Becca Fitzpatrick - Crescendo
I really liked Hush Hush when I first read it (don't know if I'd still feel the same way now) and was really disappointed by Crescendo. Nora was being so stupid and jealous and doing one brainless thing after the other. I don't even know how many times I rolled my eyes. Silence was a little better, but it's been two years and I still haven't bought that final book.

Laurie Halse Anderson - Wintergirls
Not a bad book at all, just to be clear. But for personal reasons it was very difficult for me to read.

Sarah J. Maas - Crown of Midnight
Why, you may wonder? Because it was so good but I knew it couldn't last. At a certain point in the story things started to pile up and I knew it would all come crashing down and go horribly wrong and characters I cared about would be hurt or killed. Makes it difficult for me to read on because all I can do is watch.

Courtney Summers - Some Girls Are
Heavy subject matter combined with excellent writing made for a harrowing read. I'm glad I read it though. It's important that these things are written and talked about.

Deborah Meyler - The Bookstore
It was unrealistic and pretentious. It wasn't all bad but I wished I could have knocked some sense into our dear protagonist.

Amy Butler Greenfield - Chantress
I'd been looking forward to this one so much and it started out promising, but then the pacing slowed, it was all talking and no experiencing/showing, it was stifling because the heroine was inside all the time, and I wasn't feeling the magic. The last 20 or so percent were great again, but man did that middle drag.

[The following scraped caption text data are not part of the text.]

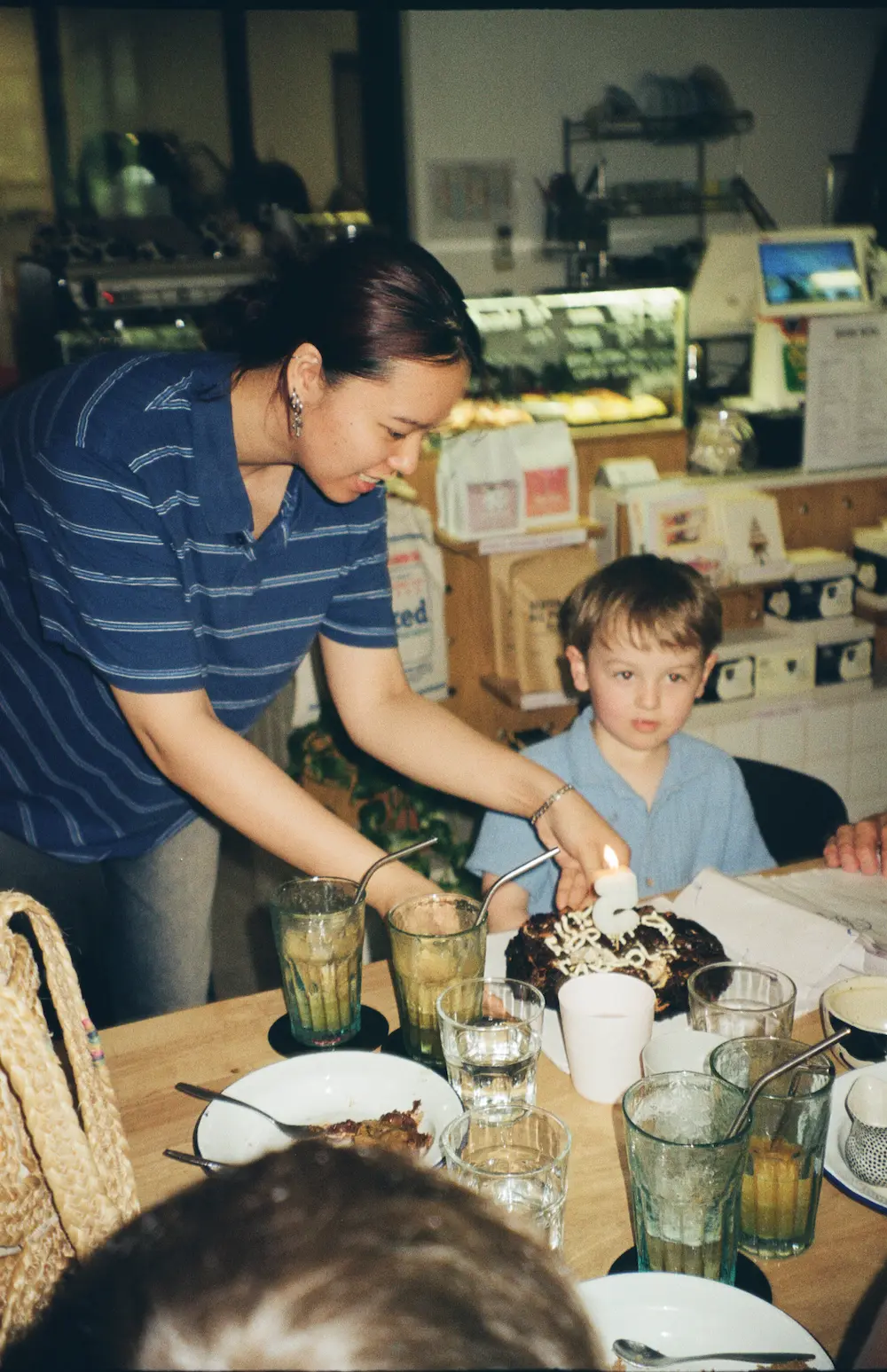 celebrating with a candle-lit chocolate cake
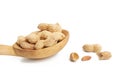 Peanuts lies in a wooden spoon, tasty fruit is isolated on a white background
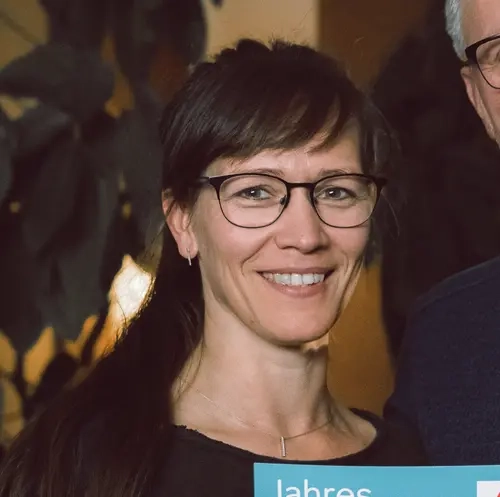 Eine Frau mit langem braunem Haar und Brille und ein Mann mit kurzem grauem Haar stehen Arm in Arm. Gemeinsam halten sie ein Jahreslos in die Höhe.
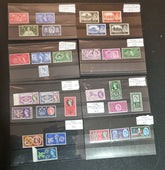 A collection of various commemorative postage stamps featuring Queen Elizabeth II, arranged in a clear plastic case with descriptive labels.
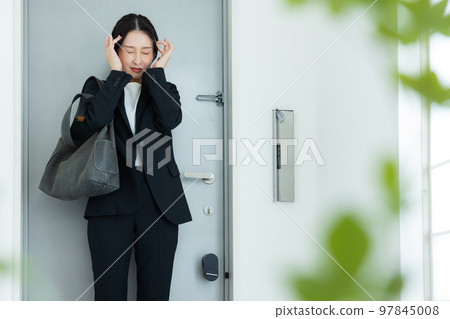 A woman in a suit at the entrance A woman in a suit at the entrance 97845008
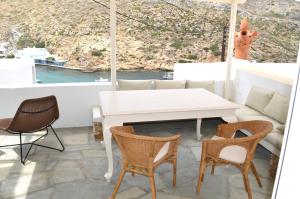 een tafel en stoelen op een balkon met uitzicht bij Sifnos Sea Lovers in Cherronisos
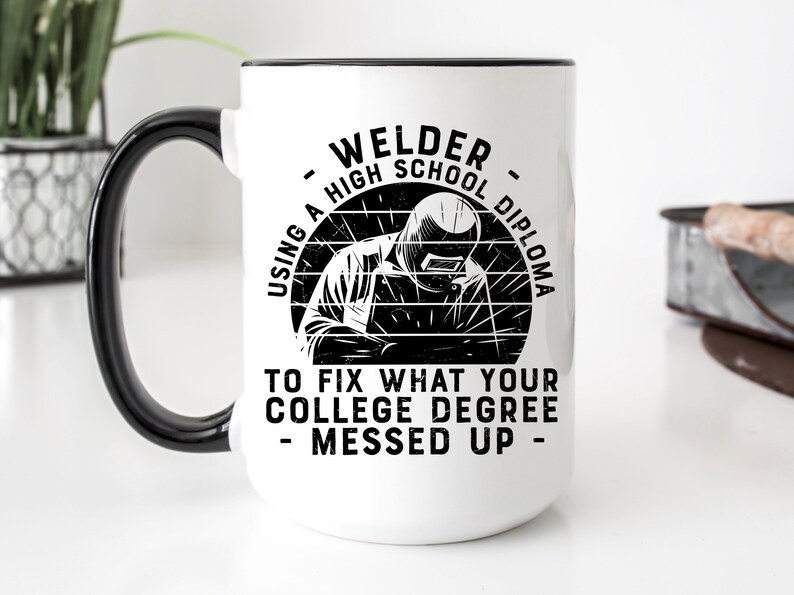 May include: White ceramic coffee mug with a black handle and black rim. The mug features a black and white illustration of a welder with the text "USING A HIGH SCHOOL DIPLOMA TO FIX WHAT YOUR COLLEGE DEGREE MESSED UP - WELDER - "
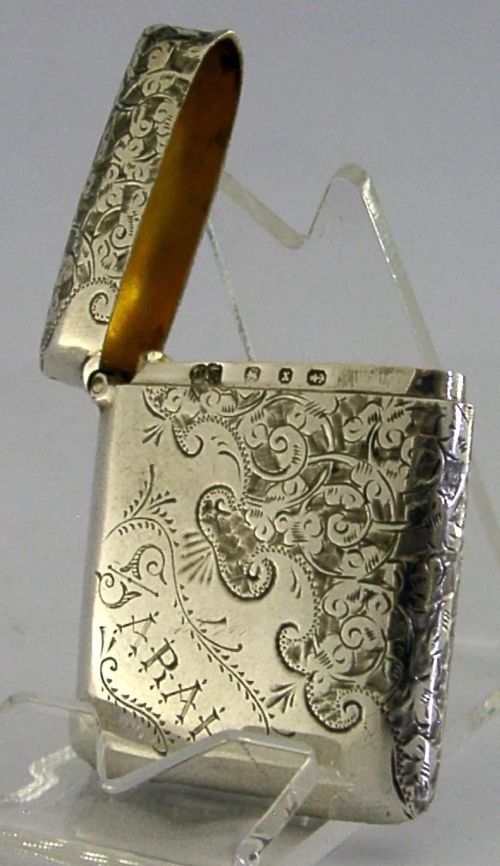 An engraved sterling silver Victorian vesta case featuring elaborate scrollwork detailing and the engraved name Sarah. View VI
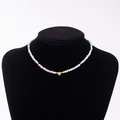 Rainbow macaron beaded necklace with a golden heart pendant featuring engraved letter X - Letter X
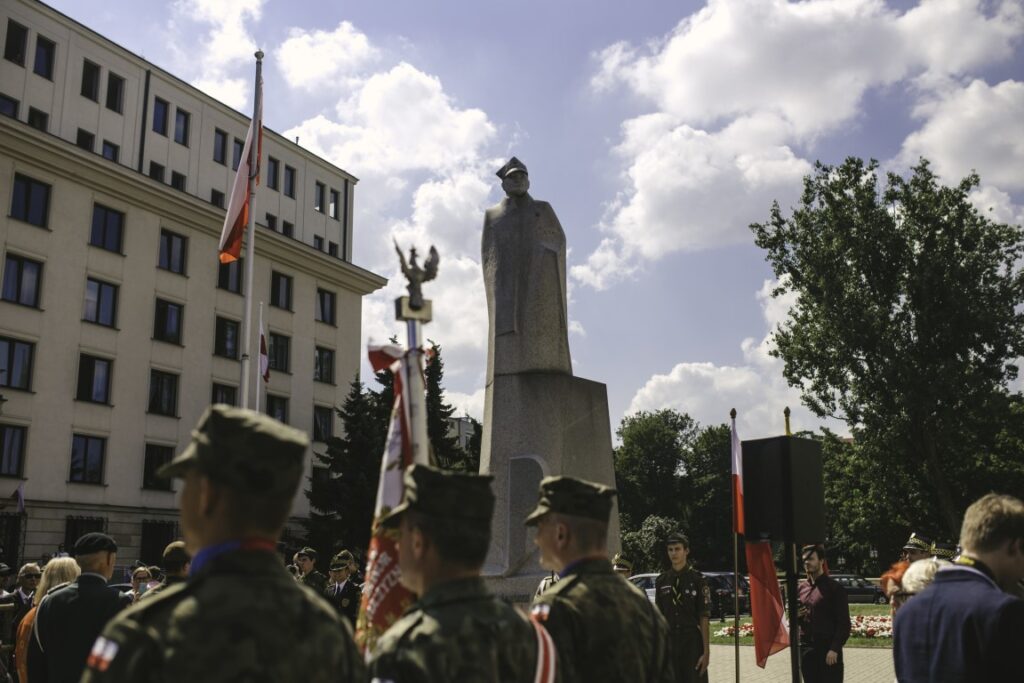 Uczestnicy uroczystości i poczty sztandarowe przed pomnikiem generała Stefana Roweckiego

Cassandra Clare - Clockwork Prince
All. The. Feels. Being scared to read on because things will go horribly wrong, yet unable to resist reading. My heart was being stabbed. Cassie Clare made me cry on Christmas at two in the morning.

John Dos Passos - Manhattan Transfer
This book starts in the 1890s or so and spans all the way to the 1920s. There are at least 50 characters, some of whom reappear and some not. The narrative is very complex and not necessarily coherent but once I got into it, I found it irresistible and ended up really loving it. Just the way Dos Passos really gets into the characters' hearts and minds and describes the everyday gains and losses of their lives. The sadness and the hopes. I need to re-read it.

I think if I set my mind to it I could come up with many more. James Joyce's Ulysses was definitely hard to read, so was Bleak House by Charles Dickens (very bleak indeed, and like 1000 pages). And I could have listed a lot of books under 'annoying' but I think that adjective is not very precise or useful when it comes to describing a book or protagonist.
Were any of my picks hard for you to read as well? And what books did you settle on?

Tuesday, July 2, 2013

Top Ten Tuesday: Most Intimidating Books

Top Ten Tuesday is a weekly feature hosted by The Broke and the Bookish. Every week they post a new topic that the participants come up with a top ten list for.

This week's topic: top ten most intimidating books (size, content, hype...)


This is actually quite hard. Let's see what books I can remember...



George R.R. Martin - A Song of Ice and Fire series
Super-intimidating because of the sheer size of it! I love the Game of Thrones TV show, and I really want to read the books, but at the moment I just don't have time for a bunch of such huge books.


Laurie Halse Anderson - Speak
Here it's the topic that intimidates me. I think it's so, so important that someone writes about date rape, but I know I'm going to have a hard time reading this book. I read Wintergirls and it really sent me into a downward spiral. That speaks for Anderson's writing, but taking a dive into my hole is always dangerous and painful.


Marissa Meyer - Cinder
The hype. It makes me very wary, because honestly I never thought it sounded all that awesome *ducks*. But everyone likes it, also people I trust. So there must be something to it...?



William Shakespeare - Hamlet
I somehow got through my BA studies without reading it. The fame and topic and size of it (the Arden edition is freaking huge because of all the notes and secondary sources etc!) always put me off. But I finally read it last spring and damn it was freaking fantastic!!! Which proves that jumping over your shadow and actually facing those intimidating books can pay off.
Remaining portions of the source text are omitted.